═════ RECORDS FOR THIS TASK

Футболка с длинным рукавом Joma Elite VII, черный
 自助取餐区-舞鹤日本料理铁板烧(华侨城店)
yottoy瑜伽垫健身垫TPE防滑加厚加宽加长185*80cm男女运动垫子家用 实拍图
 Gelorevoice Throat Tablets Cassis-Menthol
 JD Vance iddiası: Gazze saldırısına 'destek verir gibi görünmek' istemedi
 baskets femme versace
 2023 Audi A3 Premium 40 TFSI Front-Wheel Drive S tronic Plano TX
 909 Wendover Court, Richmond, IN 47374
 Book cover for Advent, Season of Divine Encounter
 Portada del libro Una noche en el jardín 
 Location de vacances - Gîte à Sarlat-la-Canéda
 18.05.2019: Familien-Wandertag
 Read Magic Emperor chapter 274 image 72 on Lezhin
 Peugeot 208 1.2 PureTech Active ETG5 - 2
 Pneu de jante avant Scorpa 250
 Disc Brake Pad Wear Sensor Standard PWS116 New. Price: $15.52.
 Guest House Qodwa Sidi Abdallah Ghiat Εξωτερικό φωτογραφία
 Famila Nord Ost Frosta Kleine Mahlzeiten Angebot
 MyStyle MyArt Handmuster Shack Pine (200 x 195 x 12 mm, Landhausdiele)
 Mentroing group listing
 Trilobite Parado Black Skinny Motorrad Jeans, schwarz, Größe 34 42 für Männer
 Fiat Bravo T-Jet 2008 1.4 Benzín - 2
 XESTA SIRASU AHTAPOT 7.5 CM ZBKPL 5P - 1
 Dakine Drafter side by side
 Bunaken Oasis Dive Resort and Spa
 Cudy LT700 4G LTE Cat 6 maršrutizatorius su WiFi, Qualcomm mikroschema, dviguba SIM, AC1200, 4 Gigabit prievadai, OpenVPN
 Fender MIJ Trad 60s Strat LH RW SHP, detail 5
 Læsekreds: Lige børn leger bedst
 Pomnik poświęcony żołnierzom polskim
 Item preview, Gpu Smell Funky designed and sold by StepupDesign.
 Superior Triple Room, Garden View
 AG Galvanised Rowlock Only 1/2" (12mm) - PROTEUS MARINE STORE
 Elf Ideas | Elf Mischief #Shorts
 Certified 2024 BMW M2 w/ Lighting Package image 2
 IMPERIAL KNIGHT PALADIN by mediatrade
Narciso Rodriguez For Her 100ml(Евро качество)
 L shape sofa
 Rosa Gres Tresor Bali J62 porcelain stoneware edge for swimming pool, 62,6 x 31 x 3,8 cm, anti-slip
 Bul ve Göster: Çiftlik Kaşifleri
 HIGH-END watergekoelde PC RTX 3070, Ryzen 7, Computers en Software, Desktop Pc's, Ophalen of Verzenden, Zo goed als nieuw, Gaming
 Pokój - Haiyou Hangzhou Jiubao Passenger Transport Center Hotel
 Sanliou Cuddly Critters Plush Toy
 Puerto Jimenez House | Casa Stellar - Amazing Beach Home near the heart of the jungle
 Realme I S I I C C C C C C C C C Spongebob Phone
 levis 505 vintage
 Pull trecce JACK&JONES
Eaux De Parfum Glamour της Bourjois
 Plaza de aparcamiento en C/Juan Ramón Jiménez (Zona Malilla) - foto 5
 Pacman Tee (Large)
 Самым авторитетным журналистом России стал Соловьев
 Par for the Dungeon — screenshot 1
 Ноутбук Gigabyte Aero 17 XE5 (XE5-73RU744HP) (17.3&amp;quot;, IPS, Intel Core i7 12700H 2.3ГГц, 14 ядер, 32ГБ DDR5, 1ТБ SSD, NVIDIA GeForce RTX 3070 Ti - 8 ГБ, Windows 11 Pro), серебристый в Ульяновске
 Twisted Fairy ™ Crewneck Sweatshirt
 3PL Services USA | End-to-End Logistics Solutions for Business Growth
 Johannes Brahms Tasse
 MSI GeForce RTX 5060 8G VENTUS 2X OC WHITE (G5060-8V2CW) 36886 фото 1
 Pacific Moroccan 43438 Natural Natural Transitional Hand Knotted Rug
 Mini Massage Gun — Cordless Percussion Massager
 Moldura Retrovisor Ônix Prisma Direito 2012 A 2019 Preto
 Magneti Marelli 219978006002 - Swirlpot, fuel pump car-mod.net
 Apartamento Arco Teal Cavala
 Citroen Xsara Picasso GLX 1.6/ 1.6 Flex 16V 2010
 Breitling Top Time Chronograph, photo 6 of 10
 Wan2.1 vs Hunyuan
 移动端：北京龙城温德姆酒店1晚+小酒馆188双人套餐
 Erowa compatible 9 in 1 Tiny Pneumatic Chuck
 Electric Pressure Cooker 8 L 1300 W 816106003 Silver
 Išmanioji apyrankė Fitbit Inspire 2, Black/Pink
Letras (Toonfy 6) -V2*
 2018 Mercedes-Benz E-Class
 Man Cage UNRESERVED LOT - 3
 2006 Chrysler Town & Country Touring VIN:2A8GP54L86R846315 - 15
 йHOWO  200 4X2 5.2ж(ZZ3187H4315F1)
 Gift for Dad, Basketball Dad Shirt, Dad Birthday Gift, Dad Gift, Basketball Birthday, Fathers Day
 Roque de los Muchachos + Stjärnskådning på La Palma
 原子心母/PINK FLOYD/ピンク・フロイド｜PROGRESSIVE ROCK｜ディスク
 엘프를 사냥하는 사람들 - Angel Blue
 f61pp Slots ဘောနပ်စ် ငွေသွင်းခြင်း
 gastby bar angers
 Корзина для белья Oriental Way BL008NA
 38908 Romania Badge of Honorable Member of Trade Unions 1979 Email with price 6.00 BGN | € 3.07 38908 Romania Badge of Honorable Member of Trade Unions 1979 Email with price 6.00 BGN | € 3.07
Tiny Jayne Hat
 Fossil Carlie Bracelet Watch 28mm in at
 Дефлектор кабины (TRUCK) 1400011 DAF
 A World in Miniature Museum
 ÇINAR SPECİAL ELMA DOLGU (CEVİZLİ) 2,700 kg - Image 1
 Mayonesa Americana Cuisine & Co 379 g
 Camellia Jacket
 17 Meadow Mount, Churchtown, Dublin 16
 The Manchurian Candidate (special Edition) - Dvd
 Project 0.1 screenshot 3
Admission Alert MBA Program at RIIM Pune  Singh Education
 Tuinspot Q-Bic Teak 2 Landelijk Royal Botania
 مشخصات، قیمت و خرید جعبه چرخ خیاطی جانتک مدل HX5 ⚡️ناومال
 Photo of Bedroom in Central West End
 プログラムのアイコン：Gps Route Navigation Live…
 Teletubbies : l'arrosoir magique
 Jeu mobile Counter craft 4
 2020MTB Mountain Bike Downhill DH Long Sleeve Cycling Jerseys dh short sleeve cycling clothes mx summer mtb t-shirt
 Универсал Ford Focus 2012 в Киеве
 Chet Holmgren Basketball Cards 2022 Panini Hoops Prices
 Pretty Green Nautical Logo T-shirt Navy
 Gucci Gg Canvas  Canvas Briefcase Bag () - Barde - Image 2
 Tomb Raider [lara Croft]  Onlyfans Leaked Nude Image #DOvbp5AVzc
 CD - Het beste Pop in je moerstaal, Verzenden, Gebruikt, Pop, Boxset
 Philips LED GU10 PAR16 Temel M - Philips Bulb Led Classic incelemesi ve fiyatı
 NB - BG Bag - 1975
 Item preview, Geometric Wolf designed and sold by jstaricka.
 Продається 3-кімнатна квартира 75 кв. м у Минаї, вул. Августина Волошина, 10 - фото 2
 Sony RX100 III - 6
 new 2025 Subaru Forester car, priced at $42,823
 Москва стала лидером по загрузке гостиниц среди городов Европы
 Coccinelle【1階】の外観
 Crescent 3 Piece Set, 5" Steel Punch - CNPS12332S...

══════════

After locating the line with "Johannes Brahms Tasse" above, return that line and every later line through the one with "Gift for Dad, Basketball", word for word and with nothing else.

WRITTEN SOLUTION:
 Johannes Brahms Tasse
 MSI GeForce RTX 5060 8G VENTUS 2X OC WHITE (G5060-8V2CW) 36886 фото 1
 Pacific Moroccan 43438 Natural Natural Transitional Hand Knotted Rug
 Mini Massage Gun — Cordless Percussion Massager
 Moldura Retrovisor Ônix Prisma Direito 2012 A 2019 Preto
 Magneti Marelli 219978006002 - Swirlpot, fuel pump car-mod.net
 Apartamento Arco Teal Cavala
 Citroen Xsara Picasso GLX 1.6/ 1.6 Flex 16V 2010
 Breitling Top Time Chronograph, photo 6 of 10
 Wan2.1 vs Hunyuan
 移动端：北京龙城温德姆酒店1晚+小酒馆188双人套餐
 Erowa compatible 9 in 1 Tiny Pneumatic Chuck
 Electric Pressure Cooker 8 L 1300 W 816106003 Silver
 Išmanioji apyrankė Fitbit Inspire 2, Black/Pink
Letras (Toonfy 6) -V2*
 2018 Mercedes-Benz E-Class
 Man Cage UNRESERVED LOT - 3
 2006 Chrysler Town & Country Touring VIN:2A8GP54L86R846315 - 15
 йHOWO  200 4X2 5.2ж(ZZ3187H4315F1)
 Gift for Dad, Basketball Dad Shirt, Dad Birthday Gift, Dad Gift, Basketball Birthday, Fathers Day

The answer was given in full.